• [Input data]
_ _ _ _ _ _ _

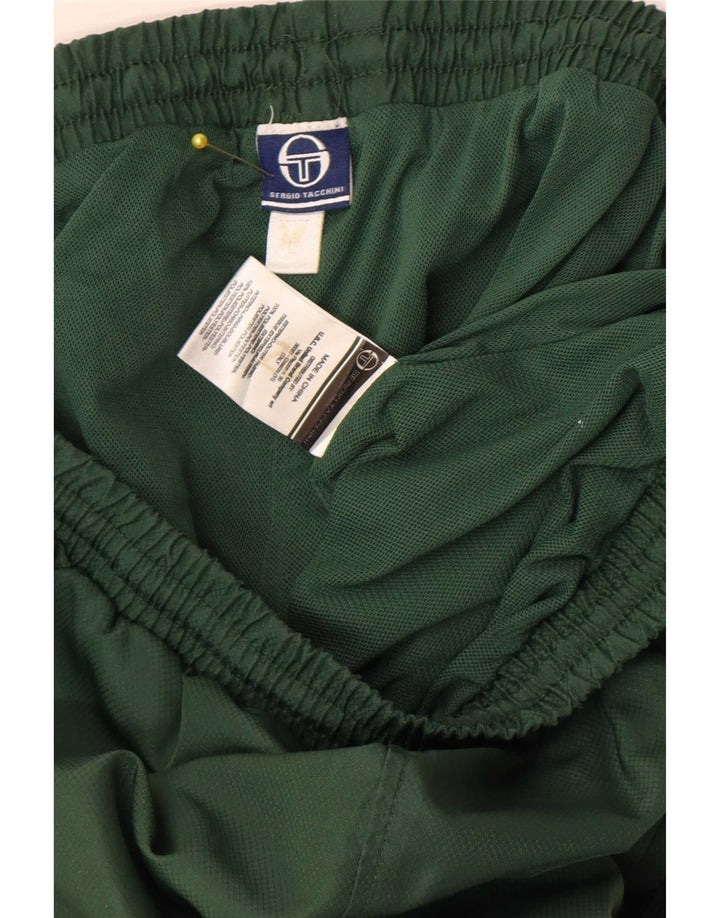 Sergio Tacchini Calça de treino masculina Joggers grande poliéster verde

_ _ _ _ _ _ _

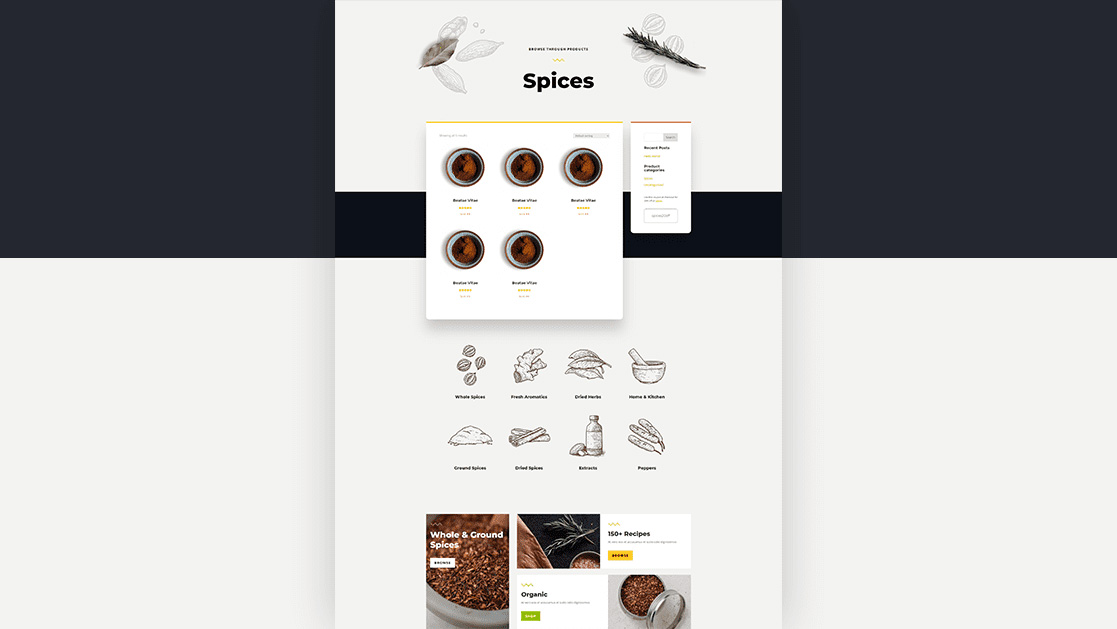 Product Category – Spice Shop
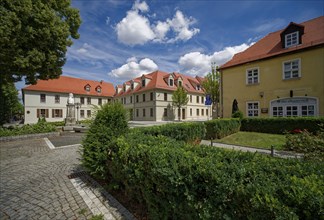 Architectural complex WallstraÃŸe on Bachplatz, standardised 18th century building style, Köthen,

_ _ _ _ _ _ _

Leaving pictures out, output the lines of the data above from the one with "Product Category – Spice Shop" through the one with "Architectural complex WallstraÃŸe", word for word.

 Product Category – Spice Shop
 Architectural complex WallstraÃŸe on Bachplatz, standardised 18th century building style, Köthen,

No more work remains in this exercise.